- THE RECORDS -
......

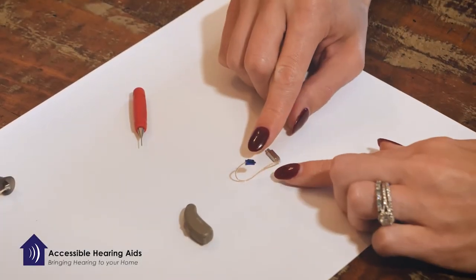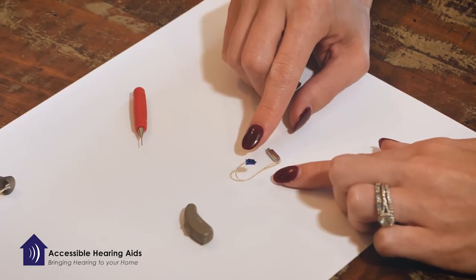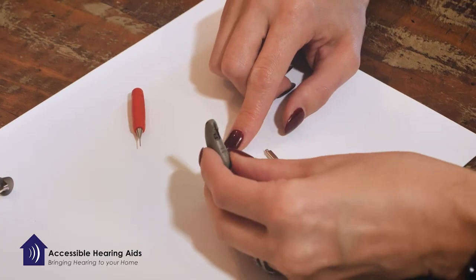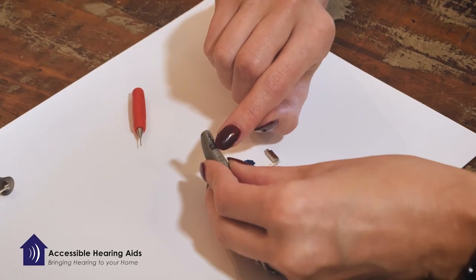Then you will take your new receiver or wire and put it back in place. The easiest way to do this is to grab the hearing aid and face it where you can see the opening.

......

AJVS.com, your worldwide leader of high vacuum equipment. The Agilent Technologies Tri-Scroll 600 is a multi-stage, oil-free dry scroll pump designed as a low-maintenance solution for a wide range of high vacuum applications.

......

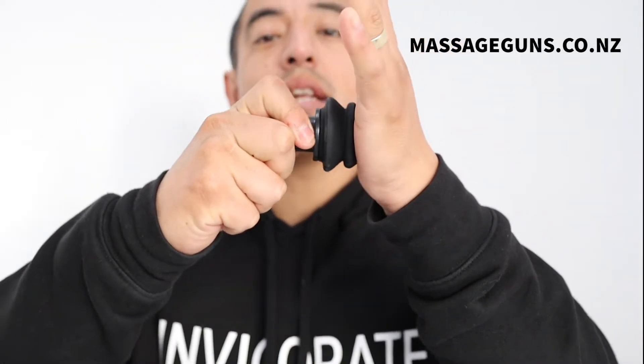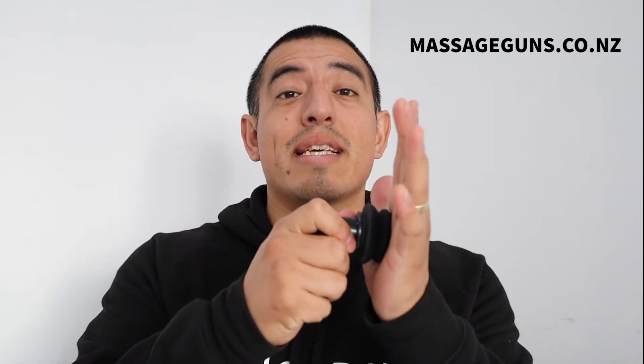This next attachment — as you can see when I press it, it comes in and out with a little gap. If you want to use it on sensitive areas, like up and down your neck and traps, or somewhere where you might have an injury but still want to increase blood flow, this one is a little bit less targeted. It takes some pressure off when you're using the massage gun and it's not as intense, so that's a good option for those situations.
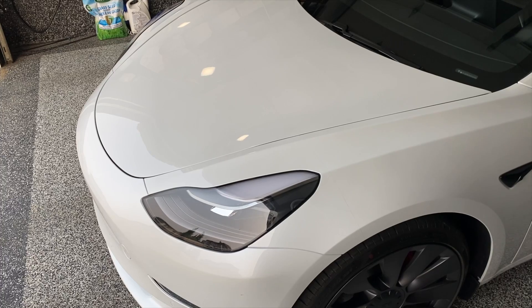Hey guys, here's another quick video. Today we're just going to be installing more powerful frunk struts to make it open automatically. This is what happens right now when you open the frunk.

......

- DIRECTIONS -
Copy only this from above: the line containing "This next attachment", the line containing "Hey guys, here's", and all lines between, printed exactly. Leave out the pictures.

- EXERCISE ANSWER -
This next attachment — as you can see when I press it, it comes in and out with a little gap. If you want to use it on sensitive areas, like up and down your neck and traps, or somewhere where you might have an injury but still want to increase blood flow, this one is a little bit less targeted. It takes some pressure off when you're using the massage gun and it's not as intense, so that's a good option for those situations.
Hey guys, here's another quick video. Today we're just going to be installing more powerful frunk struts to make it open automatically. This is what happens right now when you open the frunk.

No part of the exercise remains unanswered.